- **PROBLEM REQUIREMENTS**
Below are records; extract exactly the lines from the one with "大夹街35到43号二手房实景图" through the final line, including both, but drop the pictures.

· · ·

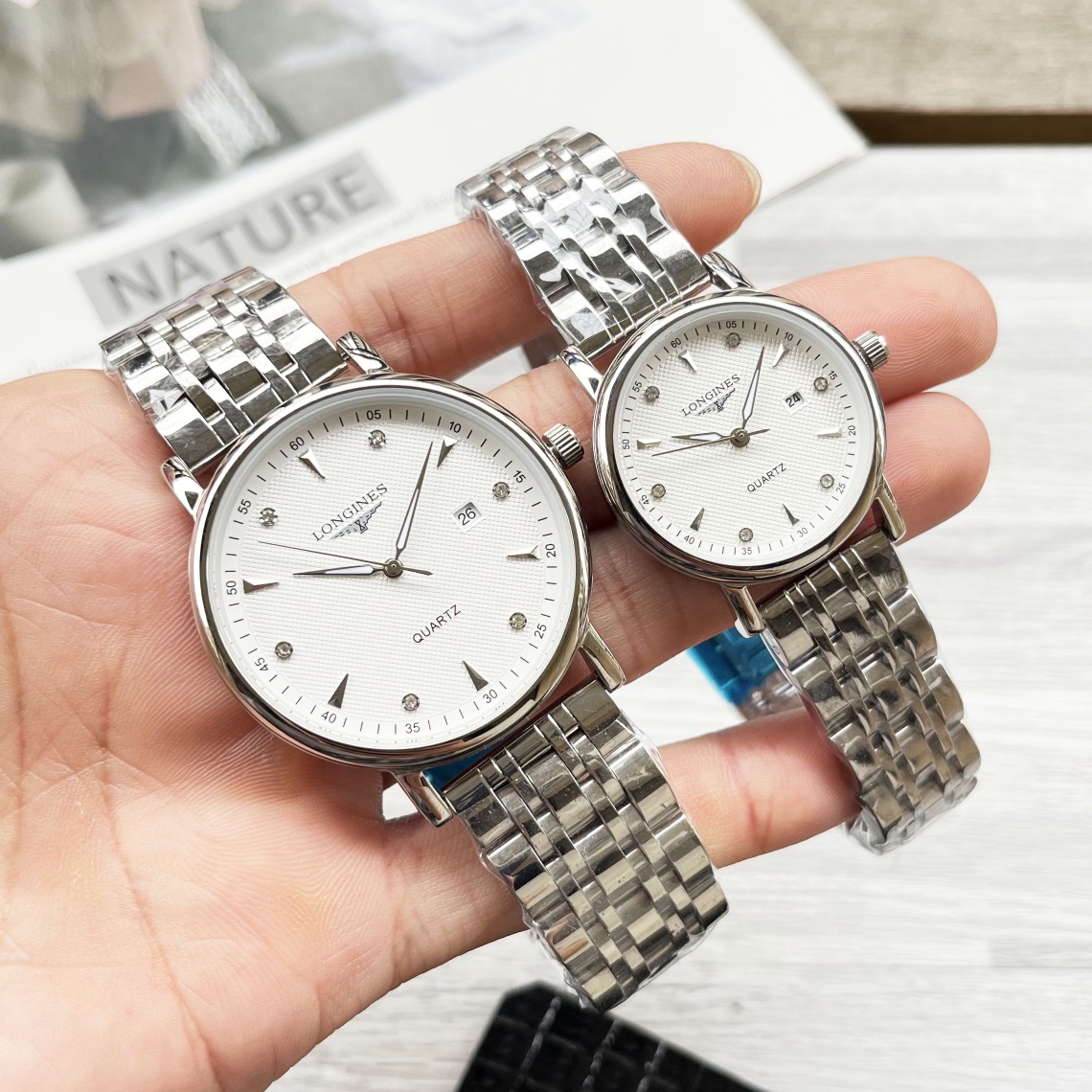 NO:337027,White shell, gold shell, steel belt 20 Longines Couple watch original imported quartz movement mineral glass mirror 316L stainless steel case diameter men 40mm women 30mm thick 8mm If today's sunlight stops its dazzling light, then your smile will illuminate my whole world, longines19860909白壳、金壳、钢带20  浪琴 情侣腕表原装进口石英机芯 矿物质玻璃镜面 316L精钢表壳直径男40mm女30mm 厚8mm如果今天的阳光停止了它耀眼的光芒.那么你的一个微笑,将照亮我的整个世界,,longines,Watch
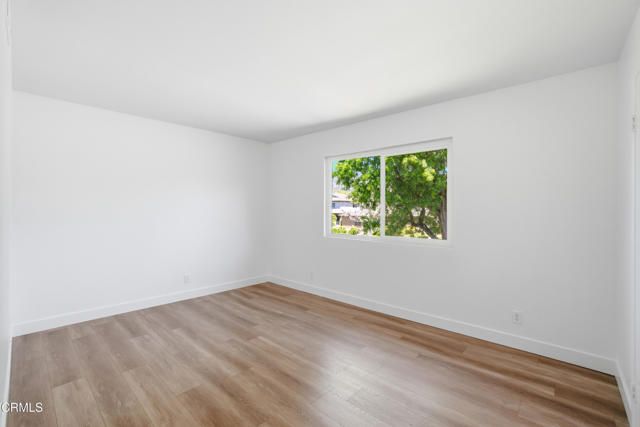 2057 Calle La Sombra 3, Simi Valley, CA 93063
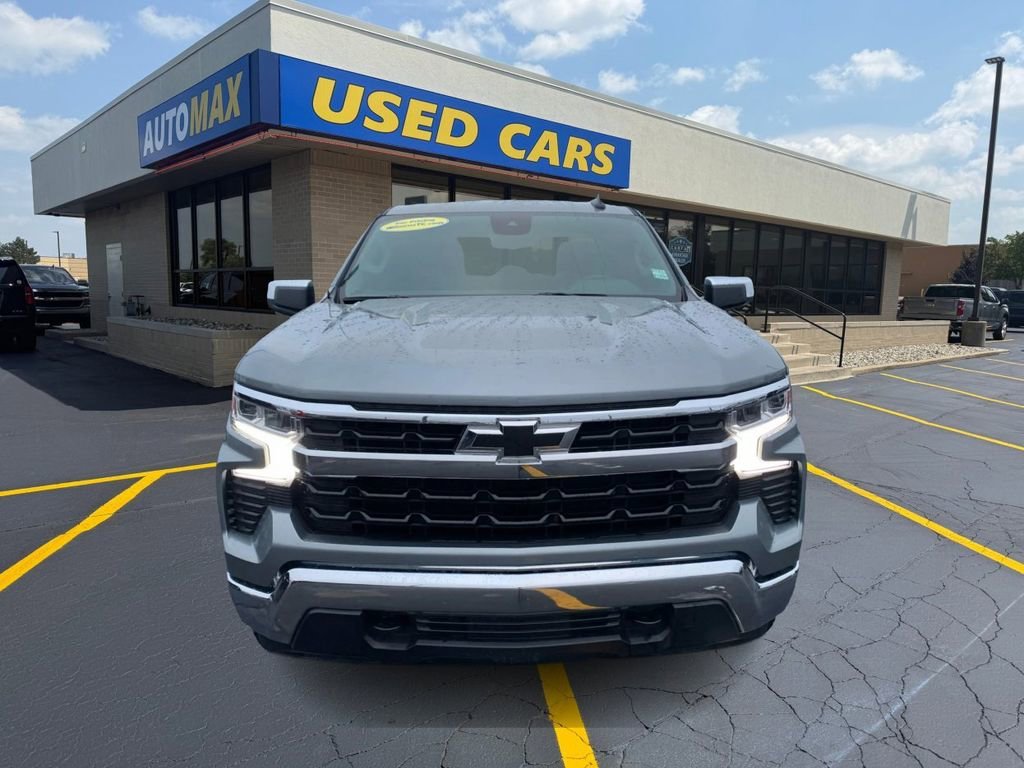 2025 Chevrolet Silverado 1500 LT - Photo 2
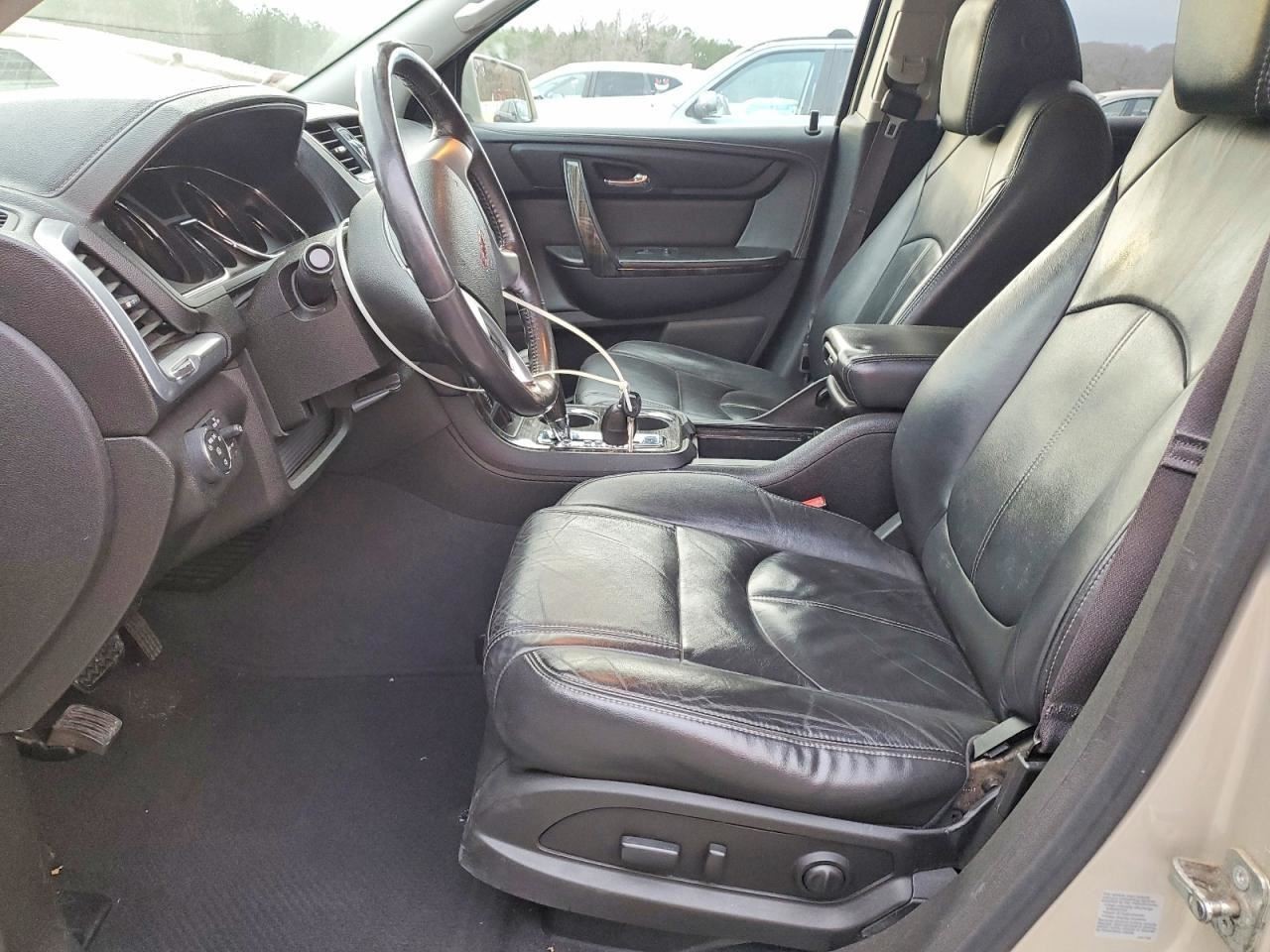 ACADIA 2015 Glove Box 4975277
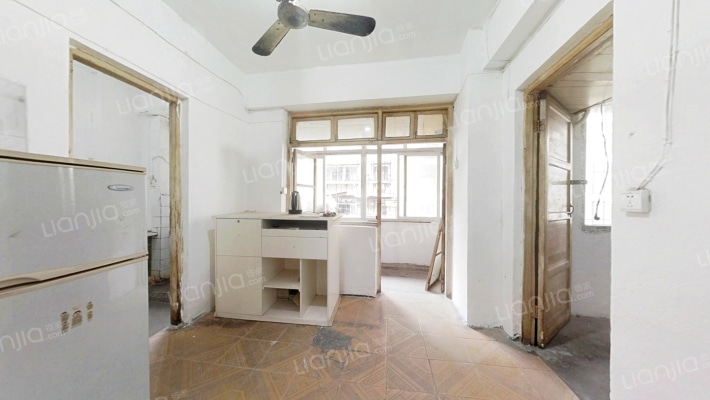 大夹街35到43号二手房实景图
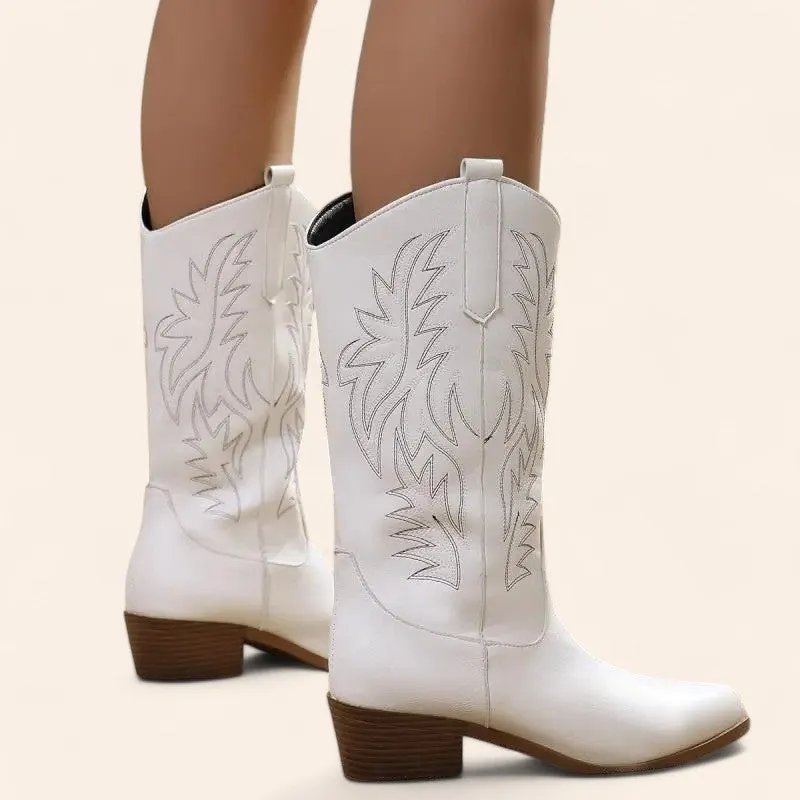 White cowboy boots with classic embroidery - N°5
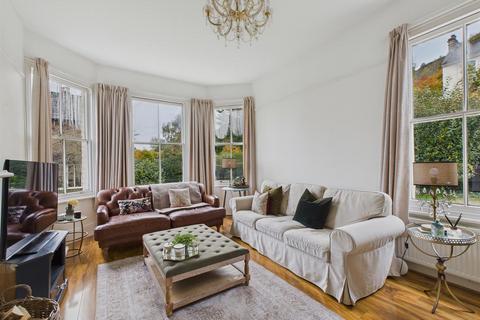 4 bedroom semi-detached house for sale, Cowleigh Road, Malvern
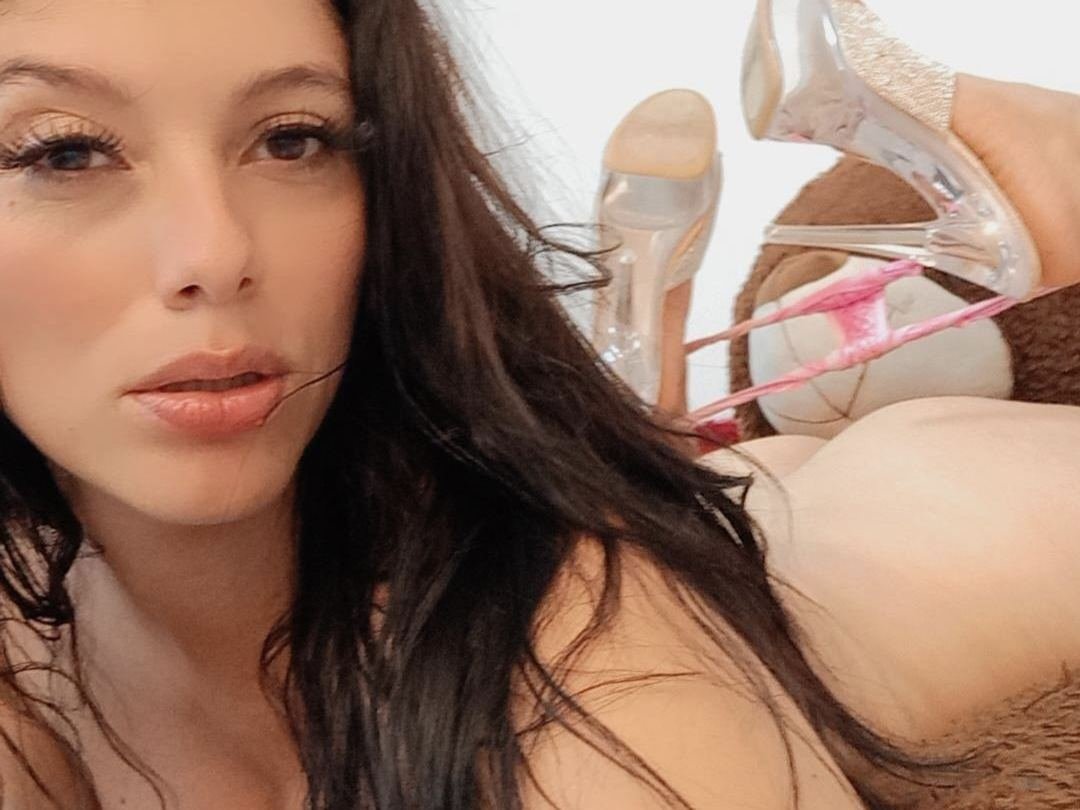 Juliianalust's profile - Image n°0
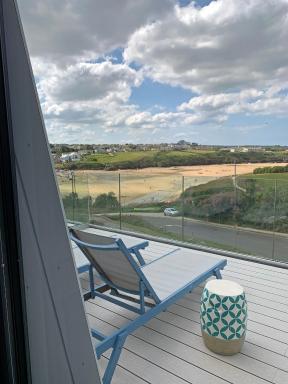 Porth Beach Hotel - Housity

· · ·

- **RESPONSE AREA**
 大夹街35到43号二手房实景图
 White cowboy boots with classic embroidery - N°5
 4 bedroom semi-detached house for sale, Cowleigh Road, Malvern
 Juliianalust's profile - Image n°0
 Porth Beach Hotel - Housity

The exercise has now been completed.